- **Goal of the exercise**
Across the whole listing, return each line exactly, with no images included.
+ + + + +
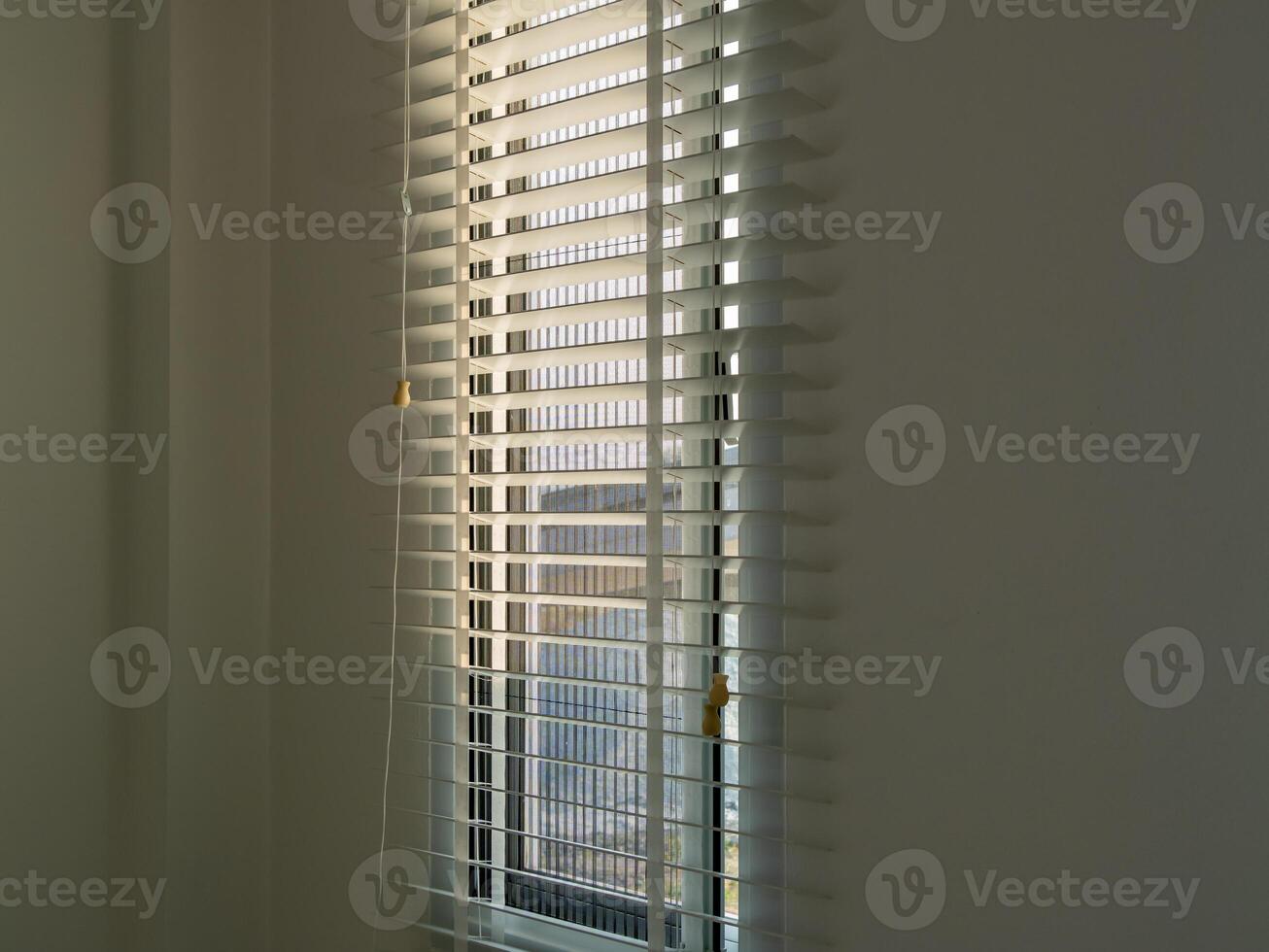 Urban morning sunlight streaming through blinds close-up view of serenity and brightness photo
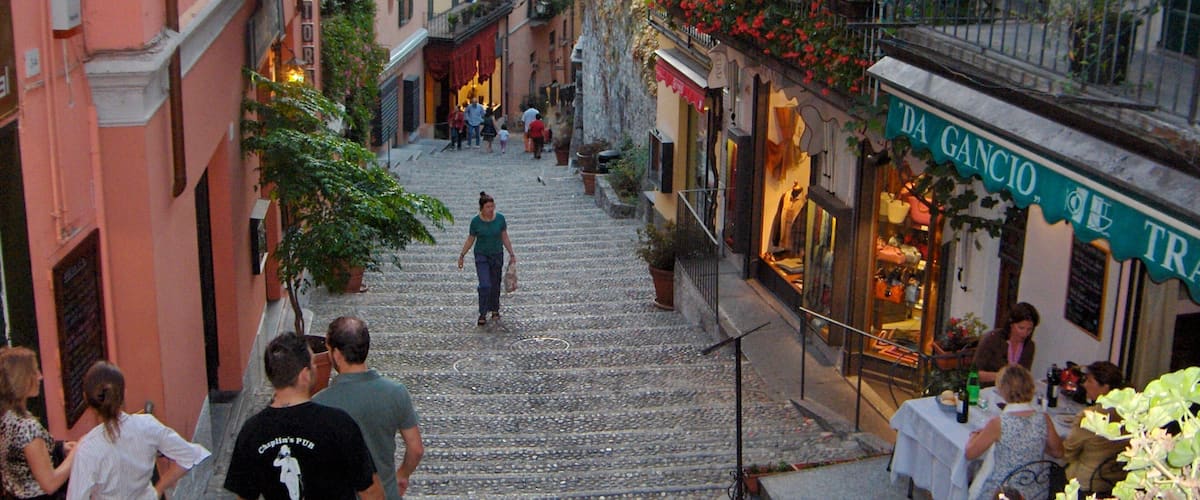 A cobblestone street in a European town with shops and people walking.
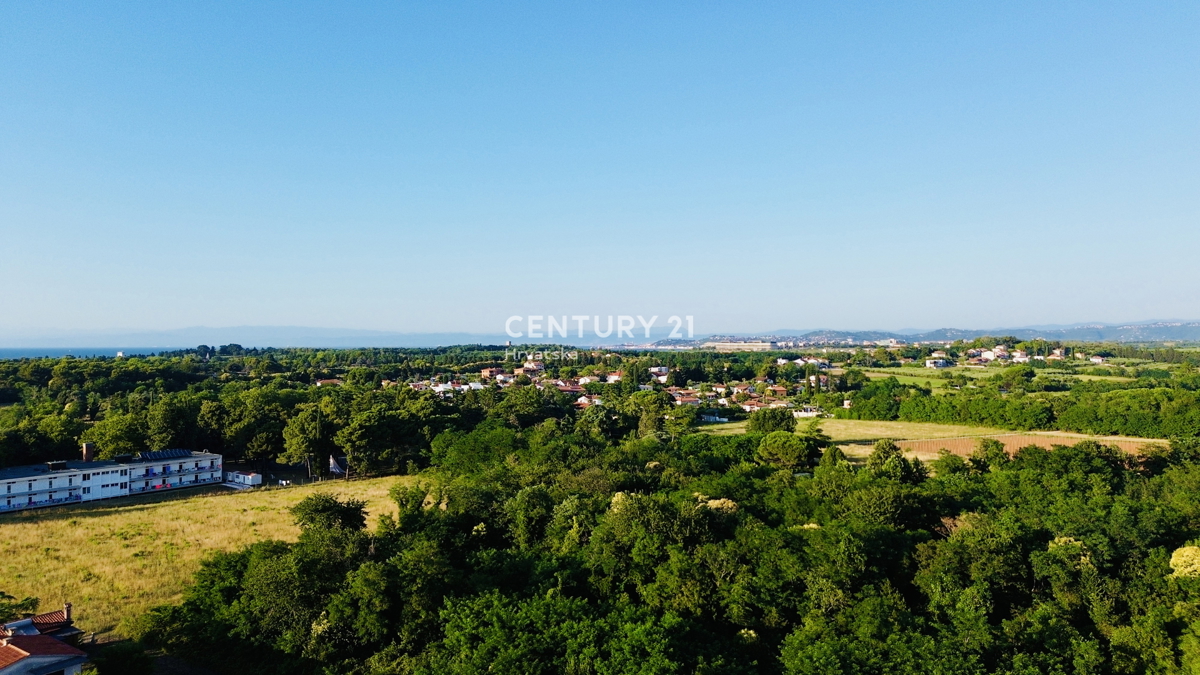 UMAG, BAŠANIJA, TERRENO EDIFICABILE ATTRATTIVO A 300 METRI DAL MARE
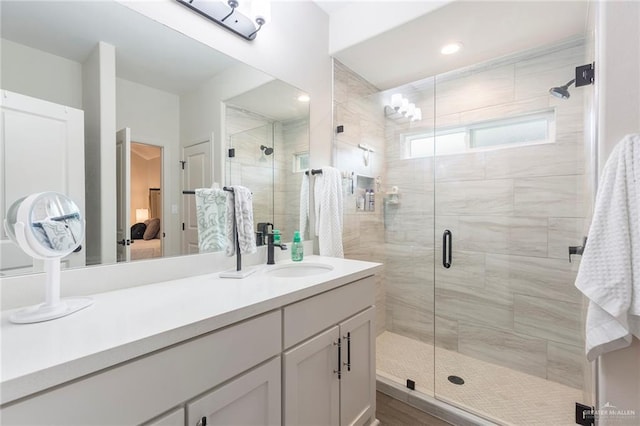 bathroom with walk in shower and vanity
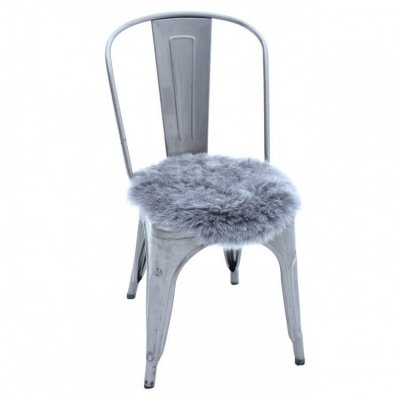 Brunt runt sittunderlag fårskinn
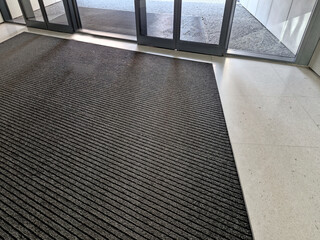 industrial mat cleaning zones at the entrance to the building. A black plastic-metal mat in the shape of an arch or half-circle lies on the limestone mosaic tiles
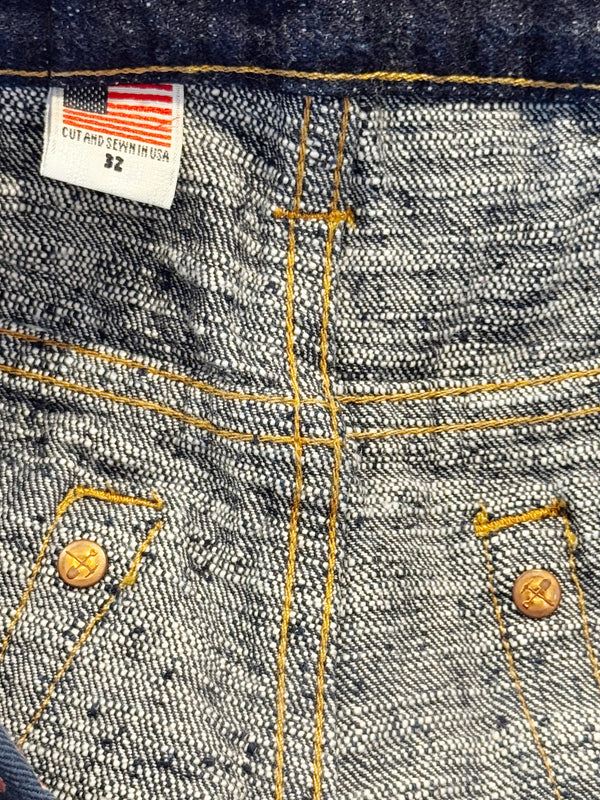 Close-up of the inside back waistband of a pair of denim jeans, showing a white size label with an American flag and 'CUT AND SEW IN USA 92' stitched in yellow contrast thread. The denim is a textured medium wash gray-blue with yellow stitching and brass buttons.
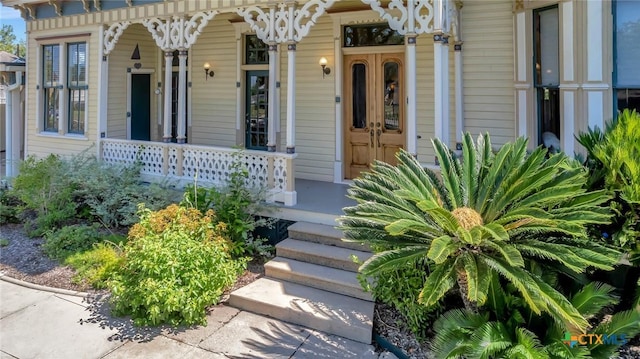 doorway to property with covered porch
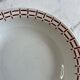 Presentation plate with a brown pattern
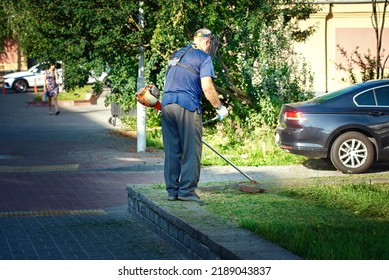 Man With Trimmer For Cutting Grass, Mowing Grass In Action, Lown Care City Service. Landscaper, Elderly Gardener Cutting Grass. Lawn Mowing Services, Worker In Personal Protective Equipment Cut Grass 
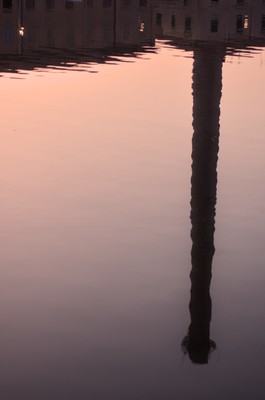 Chimney reflected at harbor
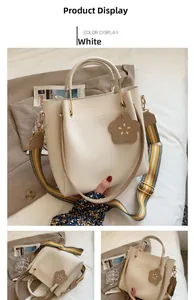 Detail of white PU tote bag with floral charm and striped woven shoulder strap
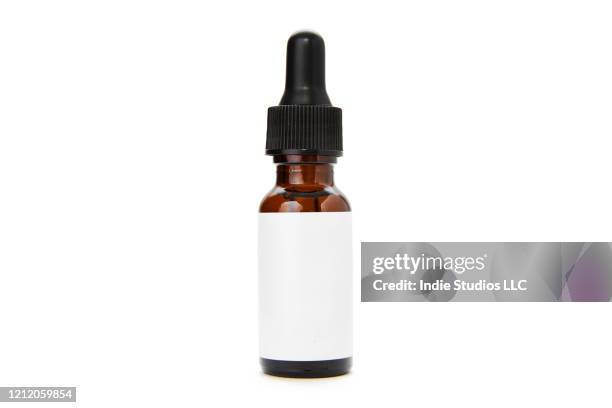 a single brown glass bottle with eyedropper lid sits on a pure white background with blank white label - pure white background bildbanksfoton och bilder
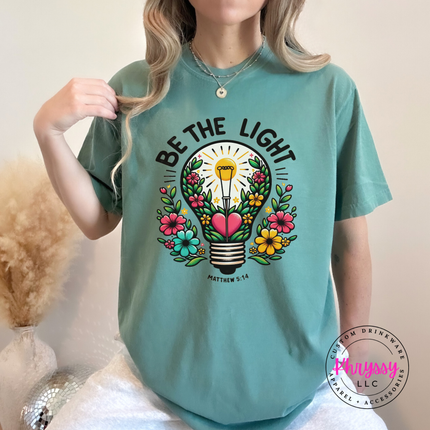 Light Green tee with bold Be The Light lettering above a floral bulb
+ + + + +
- **Task result**
 Urban morning sunlight streaming through blinds close-up view of serenity and brightness photo
 A cobblestone street in a European town with shops and people walking.
 UMAG, BAŠANIJA, TERRENO EDIFICABILE ATTRATTIVO A 300 METRI DAL MARE
 bathroom with walk in shower and vanity
 Brunt runt sittunderlag fårskinn
 industrial mat cleaning zones at the entrance to the building. A black plastic-metal mat in the shape of an arch or half-circle lies on the limestone mosaic tiles
 Close-up of the inside back waistband of a pair of denim jeans, showing a white size label with an American flag and 'CUT AND SEW IN USA 92' stitched in yellow contrast thread. The denim is a textured medium wash gray-blue with yellow stitching and brass buttons.
 doorway to property with covered porch
 Presentation plate with a brown pattern
 Man With Trimmer For Cutting Grass, Mowing Grass In Action, Lown Care City Service. Landscaper, Elderly Gardener Cutting Grass. Lawn Mowing Services, Worker In Personal Protective Equipment Cut Grass 
 Chimney reflected at harbor
 Detail of white PU tote bag with floral charm and striped woven shoulder strap
 a single brown glass bottle with eyedropper lid sits on a pure white background with blank white label - pure white background bildbanksfoton och bilder
 Light Green tee with bold Be The Light lettering above a floral bulb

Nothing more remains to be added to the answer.